Antes de abandonar el cementerio, la señora Julia se dirige a la tumba de su marido. Camina por la avenida principal casi hasta la puerta y después gira hacia la derecha en busca de la tumba. Lo hace cabizbaja y con los ojos rojos de tanto llorar.
La tumba de su marido es la tercera a la derecha. Cuando llega se para de frente, se santigua y reza un padrenuestro en memoria del único hombre al que ha amado en toda su vida. Cuando lo acaba vuelve a dibujar la señal de la cruz en su pecho y se dispone a abandonar el campo santo. La pesadez del ambiente casi no le deja respirar. Con paso ligero vuelve por donde ha venido y cuando está a punto de alcanzar la puerta principal una ráfaga de viento le golpea la cara y le hace estremecerse. La señora Julia se mete las manos en los bolsillos para protegerlas del frío y en ese preciso momento comprueba que no tiene la foto de Pedro.

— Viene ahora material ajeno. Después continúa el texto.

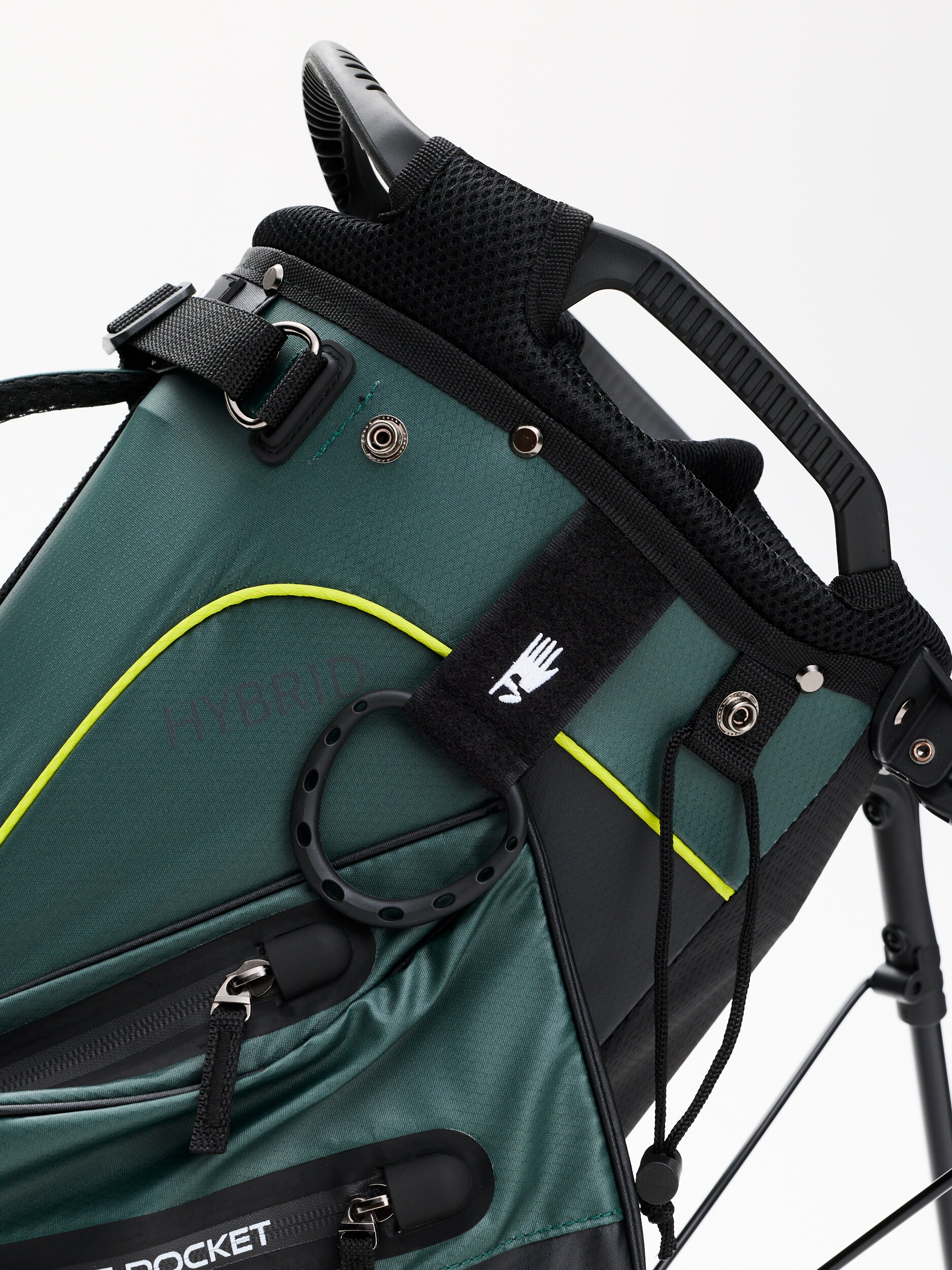 FOUR D, STAND BAG WR 9"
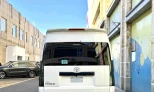 Toyota Hiace 2022 Gasoline Automatic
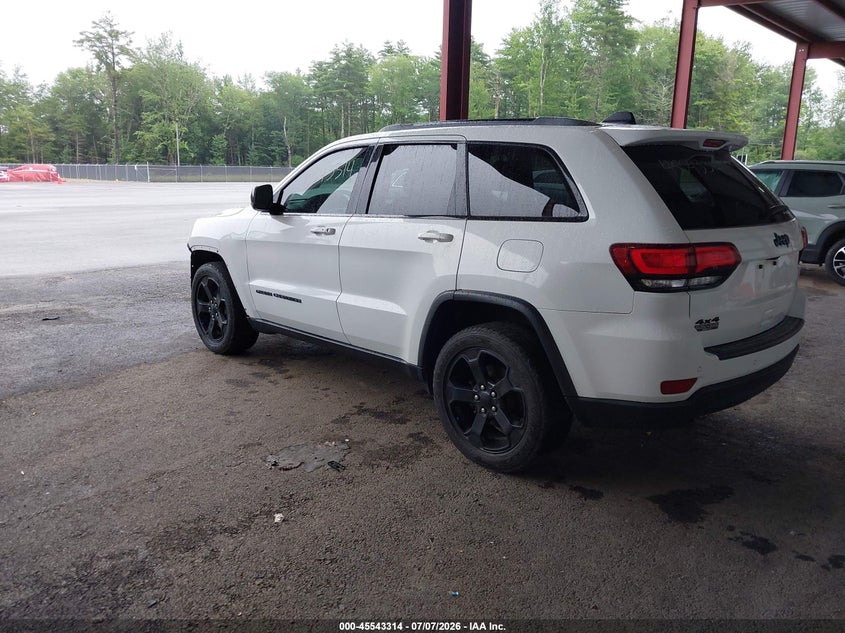 AtlanticExpress - Jeep Grand Cherokee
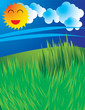 Summer Scenery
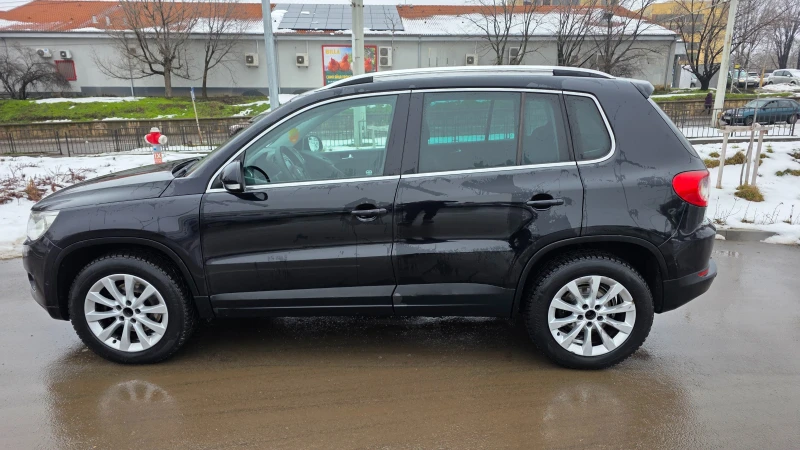 VW Tiguan 2.0TDI, снимка 4 - Автомобили и джипове - 53226021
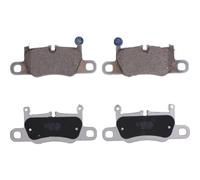 JAPANPARTS PP-0936AF Plaquettes de frein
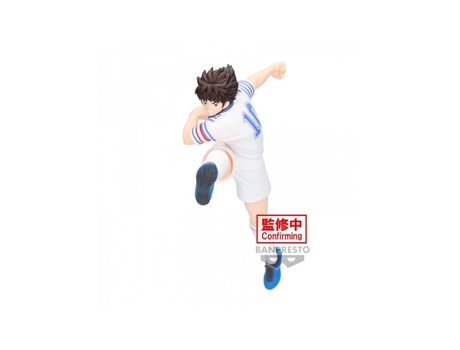 Figura Ozora Tsubasa Vibration Stars Captain Tsubasa 16CM BANPRESTO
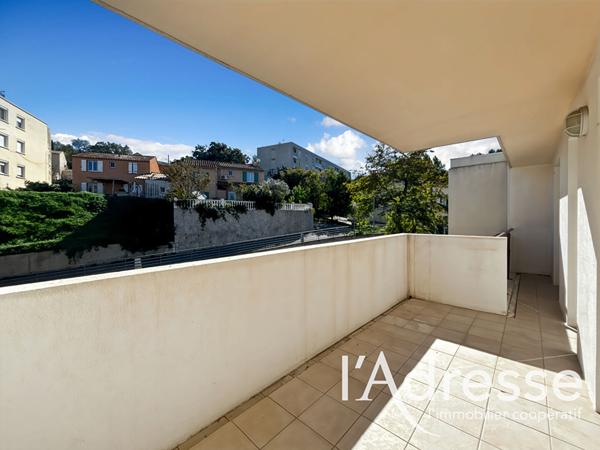Appartement Aubagne - 2 pièces - 41 m2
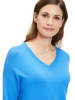 CARTOON Pullover in Blau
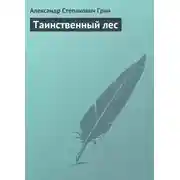 Постер книги Таинственный лес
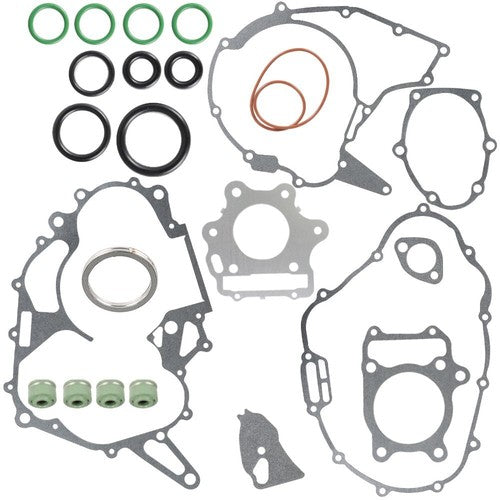 DURAFORCE ATV Complete Full Engine Gasket Set for Honda TRX250X 1987-1992 Kit
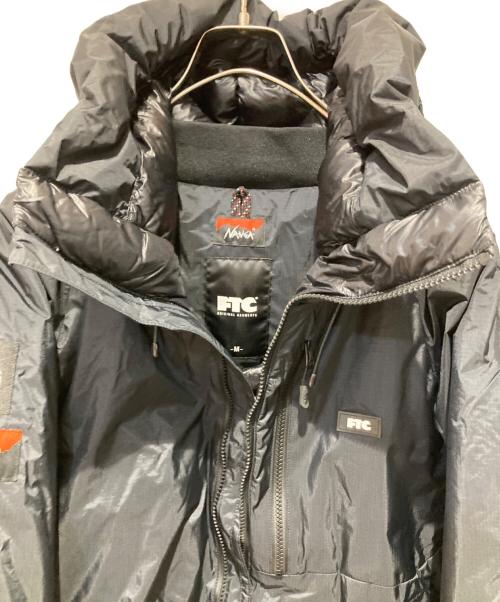 FTC（エフティーシー）FTC (エフティーシー) NANGA (ナンガ) AURORA TEX DOWN JACKET ブラック サイズ:Mの古着・服飾アイテム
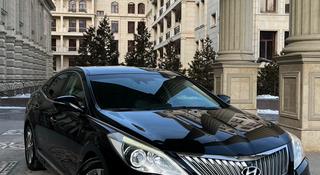 Hyundai Grandeur 2014 года за 10 000 000 тг. в Алматы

- Se me ha debido caer antes, - dice y retoma el camino de vuelta. Cuando llega a la tumba de su hijo no puede contener su asombro al descubrir que, en medio de las margaritas blancas, sobresale una hermosa rosa roja. Con los ojos a punto de salírsele de las órbitas le asalta la duda. Es plenamente consciente de que no ha sido ella quien la ha colocado allí y, cuando la pregunta se le pasa por la cabeza, la respuesta se le presenta con nitidez.
- Gracias, Santa María, - dice irguiendo la cabeza al tiempo que se santigua. - tu que fuiste madre y viste morir a tu hijo, comprendes mi dolor.

Al otro lado de la ciudad, Marcelino ha regresado a sus cartones. La sequedad de su garganta se ha convertido en un bloque de cemento. La botella de vino sigue a su lado, tan vacía como antes porque, por primera vez en toda su vida, ha sido capaz de resistir. Ya no tiene la moneda de la señora Julia, pero sí otra cosa que le pertenece: la foto de un niño llamado Pedro que hoy cumple treinta y ocho años.
Mientras la observa, un temblor repentino se apodera de su cuerpo. Marcelino siente que es la muerte aproximándose a él con pasos de gigante. No la teme. Hace tiempo que la espera y ahora está convencido de que ésta aguardaba el momento oportuno. Por primera vez en su vida no se siente culpable. Con calma se tumba bajo los cartones, se acurruca y, sin soltar la fotografía, cierra los ojos.
- Padre nuestro, - empieza a rezar pero se detiene porque no recuerda como sigue. - Soy un asesino y me arrepiento.
Son sus últimas palabras. Después una ráfaga de viento le quita los cartones que le cubren, al tiempo que su corazón da la última campanada.